On 09/05, cheng chao wrote:
>
> @@ -2958,7 +2958,7 @@ void sched_exec(void)
> struct migration_arg arg = { p, dest_cpu };
>
> raw_spin_unlock_irqrestore(&p->pi_lock, flags);
> - stop_one_cpu(task_cpu(p), migration_cpu_stop, &arg);
> + stop_one_cpu_sync(task_cpu(p), migration_cpu_stop, &arg);
> return;
> }
> unlock:
> diff --git a/kernel/stop_machine.c b/kernel/stop_machine.c
> index 4a1ca5f..24f8637 100644
> --- a/kernel/stop_machine.c
> +++ b/kernel/stop_machine.c
> @@ -130,6 +130,27 @@ int stop_one_cpu(unsigned int cpu, cpu_stop_fn_t fn, void *arg)
> return done.ret;
> }
>
> +/**
> + * the caller keeps task_on_rq_queued, so it's more suitable for
> + * sched_exec on the case when needs migration
> + */
> +void stop_one_cpu_sync(unsigned int cpu, cpu_stop_fn_t fn, void *arg)
> +{
> + struct cpu_stop_work work = { .fn = fn, .arg = arg, .done = NULL };
> +
> + if (!cpu_stop_queue_work(cpu, &work))
> + return;
> +
> +#if defined(CONFIG_PREEMPT_NONE) || defined(CONFIG_PREEMPT_VOLUNTARY)
> + /*
> + * CONFIG_PREEMPT doesn't need call schedule here, because
> + * preempt_enable already does the similar thing when call
> + * cpu_stop_queue_work
> + */
> + schedule();
> +#endif
> +}

Honestly, I don't really understand the changelog, but this looks wrong.

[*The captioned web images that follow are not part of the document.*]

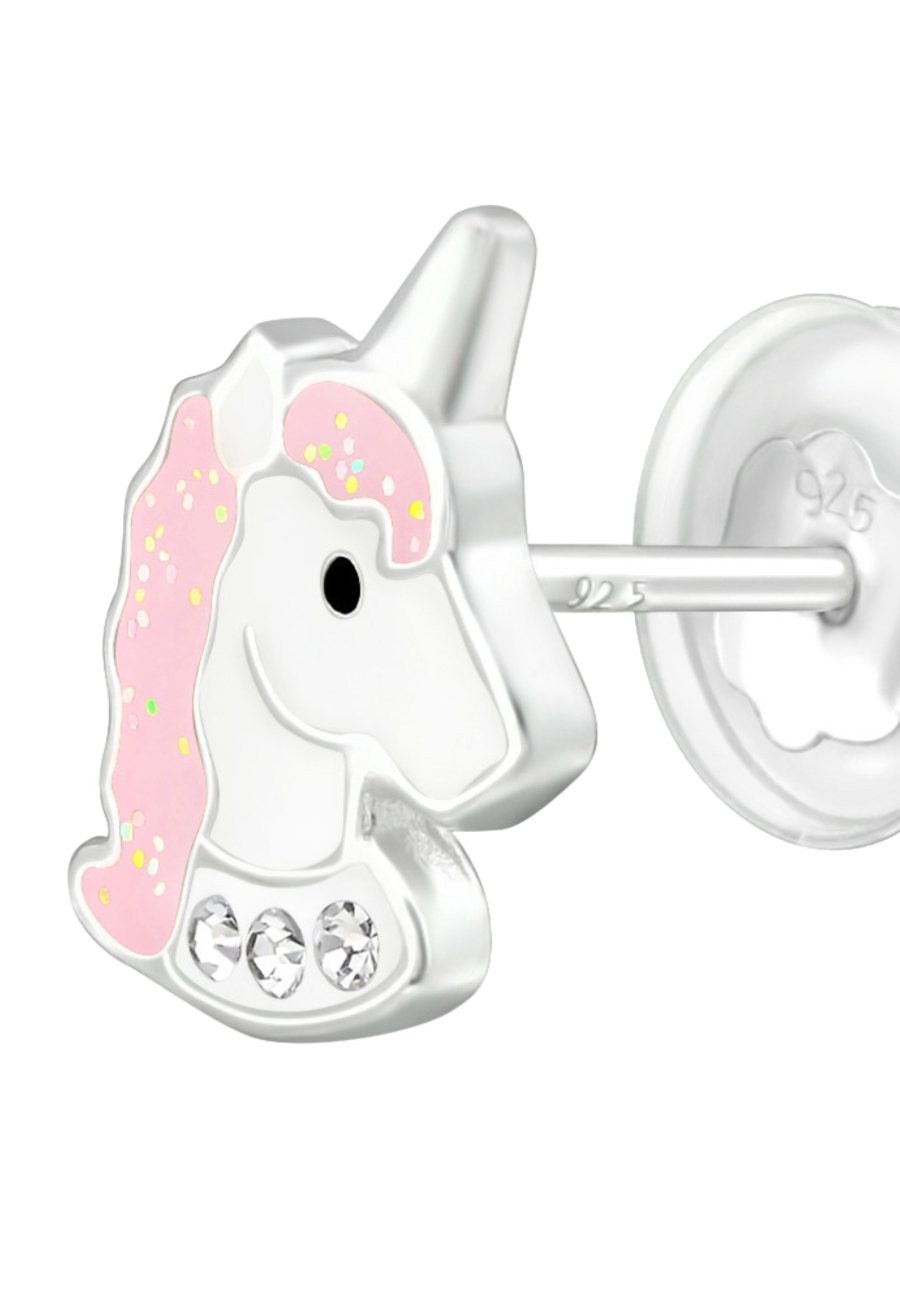 Unicorn Children's Sterling Silver Premium Kid Ear Studs with Crystal and Epoxy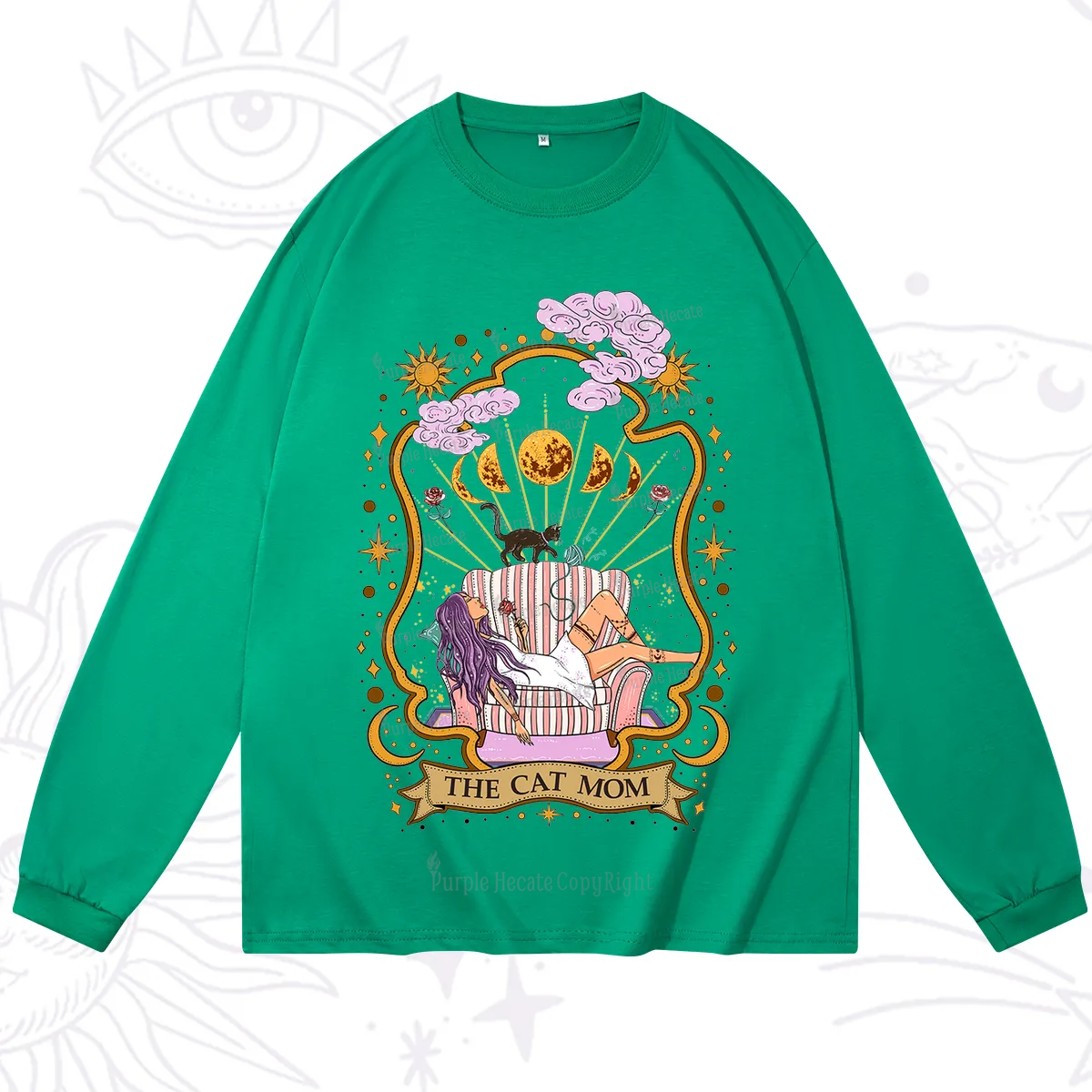 Purplehecate The Cat Mom Goddess Long Sleeve T-Shirt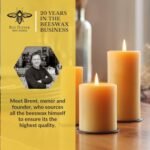 Big Dipper Wax Works Pure Beeswax Pillar Candle, 3" x 6", 90-Hour Burn Time, Large Candle. - Image 2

stop_one_cpu_sync() assumes that cpu == smp_processor_id/task_cpu(current),
and thus the stopper thread should preempt us at least after schedule()
(if CONFIG_PREEMPT_NONE), so we do not need to synchronize.

But this is not necessarily true? This task can migrate to another CPU
before cpu_stop_queue_work() ?

Oleg.